Max Thompson is a college senior at Arizona State. He’s in his last semester, living in a two-bedroom apartment alone, but a downturn in his family’s finances means he’ll need to get a roommate to cover the costs of his rent. Max’s not pleased, and his first few candidates are horrifying. Max is an out gay man, having been accepted by his family and friends pretty much since puberty. He’s got a bit of a crush on a skater boy he’s noticed at a nearby park, and is elated when Tanner—his skater boy—turns up on his doorstep looking to rent the spare room.
It seems like kismet to Tanner that such an attractive, smart man as Max could be so friendly, gay, and also have a room to rent. But, he’s not ready to pursue anything beyond friendship with a roommate, not again. Well, not for a week, at least. Because that’s about how long it takes for Max and Tanner to consummate their burning attraction. Meanwhile, Tanner’s being approached by an older woman whose probing questions about his likes, dislikes, life, and personality borders on stalkerish. Max is a little ashamed about how he used to watch Tanner skate, but he does eventually confess that he’d had a strong attraction before they had ever met. It comes at an awkward time, especially as Max and Tanner are getting serious, Carter’s interfering, the woman’s antics escalate, and Tanner’s grandparents get super nosy. There’s a lot of pressure for Tanner, who needs to love and embrace his whole self if he wants to have happiness.

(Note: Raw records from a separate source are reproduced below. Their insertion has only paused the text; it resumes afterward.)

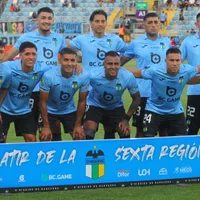 El todo o nada: formación de O'Higgins vs Bahía en Copa Libertadores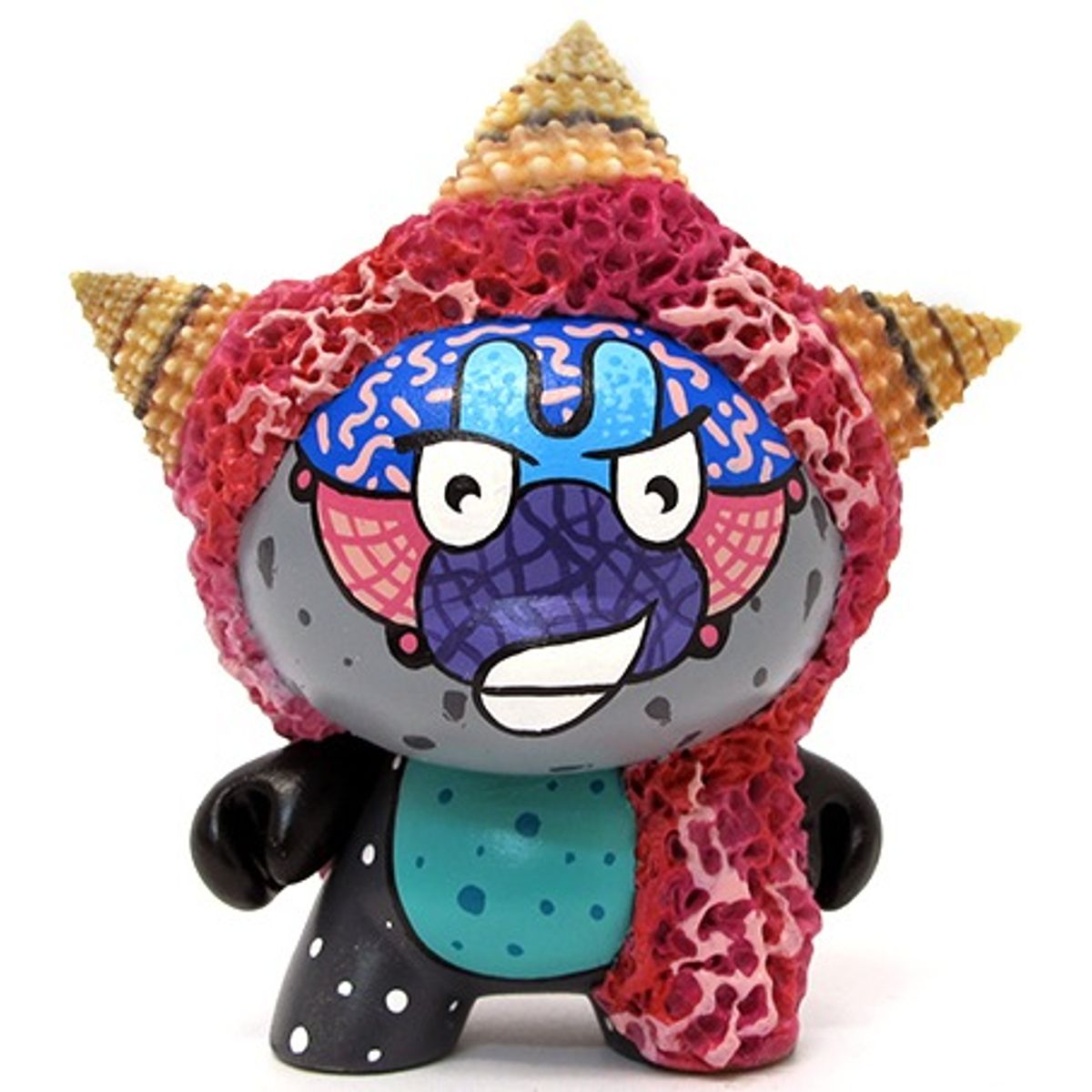 Codename Unknown Coral Squadron 4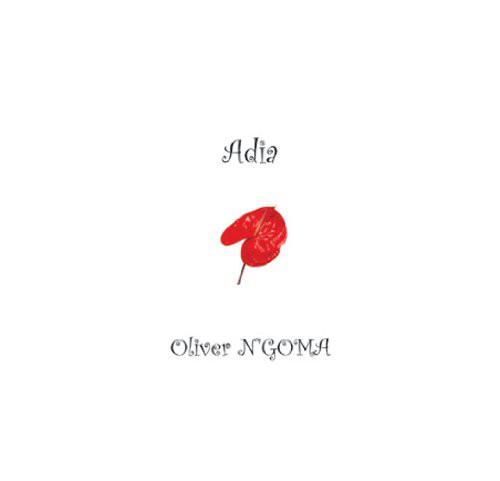 

CD OLIVER N GOMA - adia AJCD0021 Lusafrica 2002 Japan Pop Used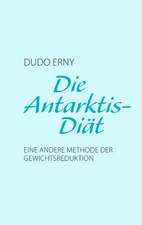 Die Antarktis-Diät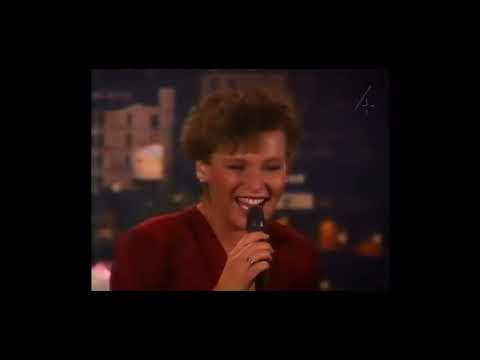 Jag Vill Sjunga Ut Min Glädje - Lotta & Anders…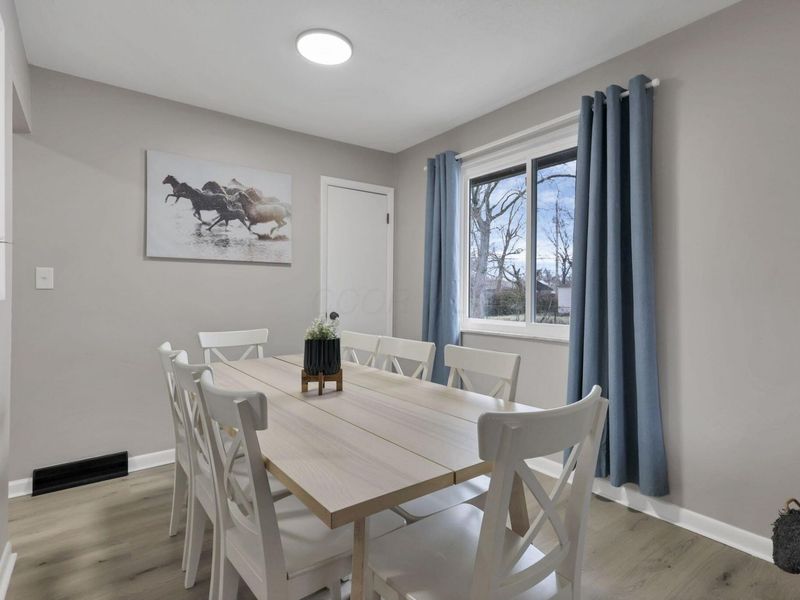 1833 Berkeley Road , Columbus, OH 43207 Photo 5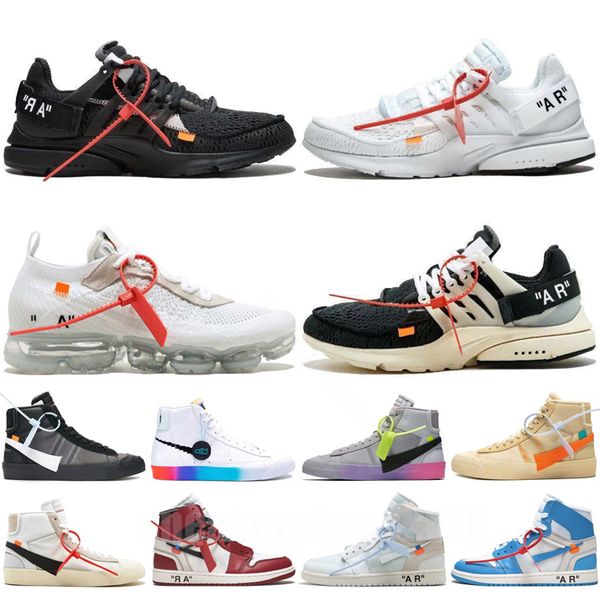 original men's and women's off running shoes mca white red blue mac silver metal volt low three black green gner presto 2.0 chauss
original men's and women's off running shoes mca white red blue mac silver metal volt low three black green gner presto 2.0 chauss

This is a sweet, New Adult romance, with a lot of plot points that, to me, felt conveniently coincidental. Tanner’s relationships are all imploding at the same time and Max is totally there for him. Tanner’s not sure if he can trust anyone, but he’s leaning hard onto Max, only to feel like he might be dependent on a man he has begun to love, but who could leave him in a matter of weeks to return home when school ends. Tanner’s so unsettled emotionally, he tries to get space from everyone, and only ends up, predictably, hurting himself.

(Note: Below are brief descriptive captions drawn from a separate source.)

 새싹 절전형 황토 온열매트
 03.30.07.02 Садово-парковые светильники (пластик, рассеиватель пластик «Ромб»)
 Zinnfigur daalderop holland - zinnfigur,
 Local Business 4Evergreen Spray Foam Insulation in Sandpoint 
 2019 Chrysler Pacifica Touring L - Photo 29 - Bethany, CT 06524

For me, I felt the plot pacing was kind of slow, with lots of mooning about and waiting for the next plot point to turn. I kept wanting to skip ahead to when Tanner’s life would settle into a new, happier normal. In contrast, the romance between Max and Tanner seems to move at warp speed, with barely a week passing before they are falling in love. And it’s only a few weeks before they are taking a couples-y vacation to further cement this growing bond. Max is a great guy, and he’s committed to helping Tanner move on and move forward, but wow does he fall hard for Tanner quickly. And his plans to continue to support Tanner, to build a life with him, seem too good to be true, so I didn’t fault Tanner’s thought processes one bit. That sentiment was the most realistic of all, to be honest.
Expect a happy ending, especially for Tanner, who gains a lot of family and friend connections. He’s no longer so lonely, and Max has the proper direction going in his life as well. If you like New Adult, this could be a good read for you.